[arin-ppml] Draft Policy ARIN-2014-9: Resolve Conflict Between RSA and 8.2 Utilization Requirements

Morizot Timothy S Timothy.S.Morizot at irs.gov
Fri Mar 21 17:51:47 EDT 2014

Gary Buhrmaster wrote:
> <soapbox>
> Any M&A, or organization changes, have a cost
> regarding business records, and it is incumbent
> on the organization to be prepared to pay that cost
> for changes.  Updating ARIN records (and the cost
> of doing so) is no different, and should not have a
> special "out" just because it can be take time or
> the people involved did/do not want to invest that
> effort.  The days of informal handshake number
> deals are (or should be) long over.  Get over it, and
> do the (boring, painful, but necessary) work.
> </soapbox>

Thanks for that Gary.
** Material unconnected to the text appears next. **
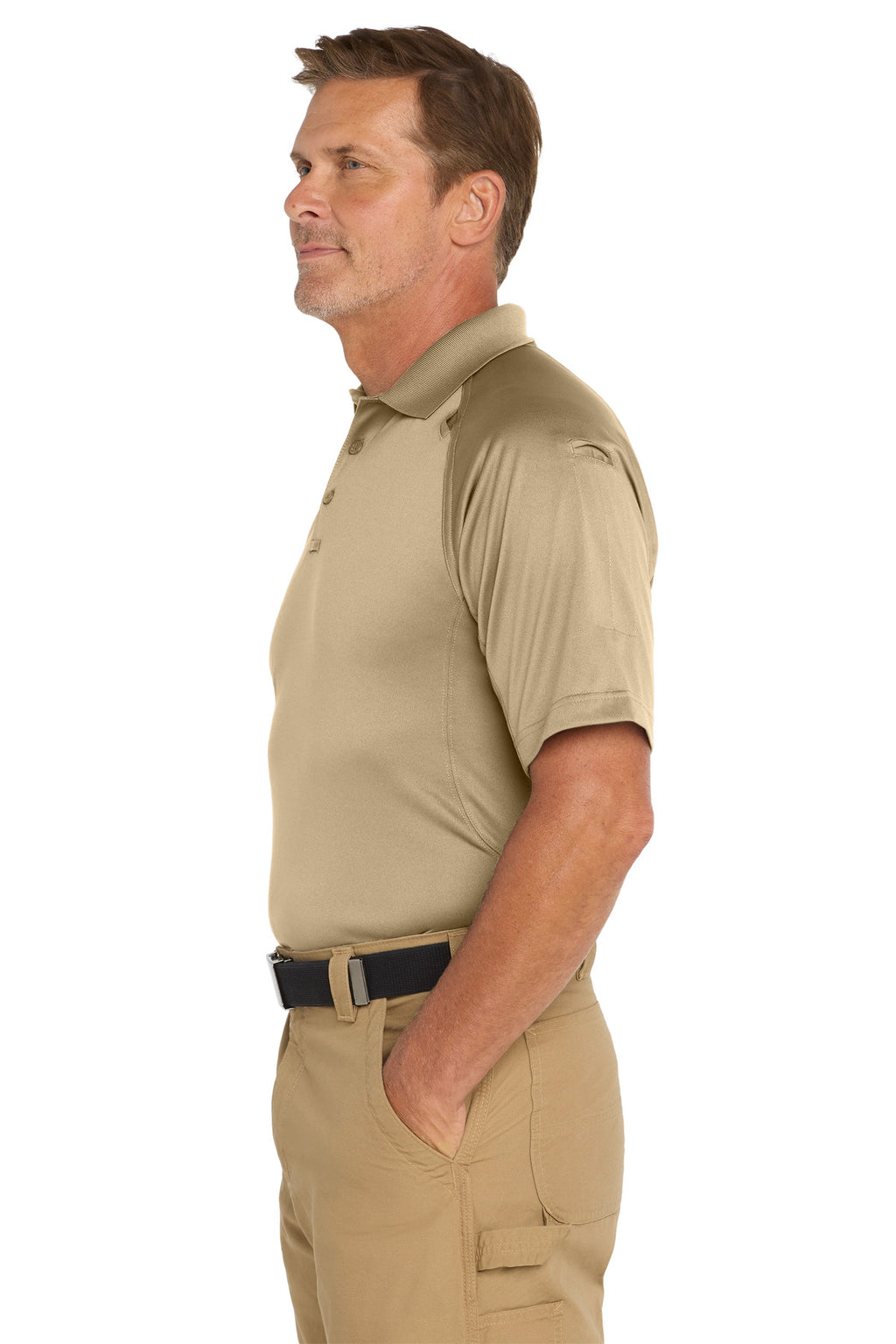 CornerStone - Select Snag-Proof Tactical Polo. CS410 - Tan - side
It clarified for me one of the things that's been bugging me in this discussion. I'm pretty much a pure IT guy and hate the process and paperwork BS. I tend to avoid it or let others do that aspect as much as possible without also allowing my projects to suffer. But as you say, some of that boring, painful work is simply necessary. Frankly, quite often making the effort to read and keep up with this list fits in that category.

Perhaps I've also absorbed some of the culture of the organization that's employed me for the last several decades. ;-)

I also had to get our registry records up to date once I discovered they weren't. Fortunately, we're still the same organization. And one of the POCs from the 90s was still working for us so we were able to update them ourselves. And when I saw and read the LRSA, I walked through the lengthy process of getting it approved and signed by our organization. It was mostly a no-brainer since it established formal and explicit rights and defined our relationship with the registry where previously that had been one-sided, implicit, and undefined.

I also sense something of a logical inconsistency. On the one hand, the registry is so valuable that the sky is falling because some are choosing not to keep their records up to date. On the other hand, the registry has so little value that resource holders won't expend the effort necessary to maintain their records if they have to suffer any inconvenience to do so. If the registry has value, then those who choose not to maintain their registration have diminished the value of the resources they hold. So the truth is probably somewhere in the middle, but I can't say I find the argument compelling. Given that ARIN will always have to perform due diligence to keep someone from hijacking a registration, there's a limit to how convenient they can make the process. As a result, there will always be those who choose to walk away, for whatever reason, instead.

It seems to me that the real benefit for removing needs-based allocations for 8.2 and legacy transfers (ARIN 2014-11) is more the ability to acquire IPv4 resources without demonstrating a needs basis in a post-IPv4 exhaustion world. It's not at all clear to me that either proposal will have significant impact on registry accuracy, but 2014-11, at least, would certainly free affected transfers from any needs basis requirements.

I don't really have a dog in that fight. My organization has the IPv4 resources it needs for the transition and it's not like our size dramatically changes over time. We're  a pretty stable enterprise organization. However, if we're going to do that, I do think we should simply drop the needs basis policy requirements altogether.

I would support a proposal to remove the words aggregate and reclaim from 8.2 since they may  both be out dated at this point. But I definitely don't support this proposal or 2014-11.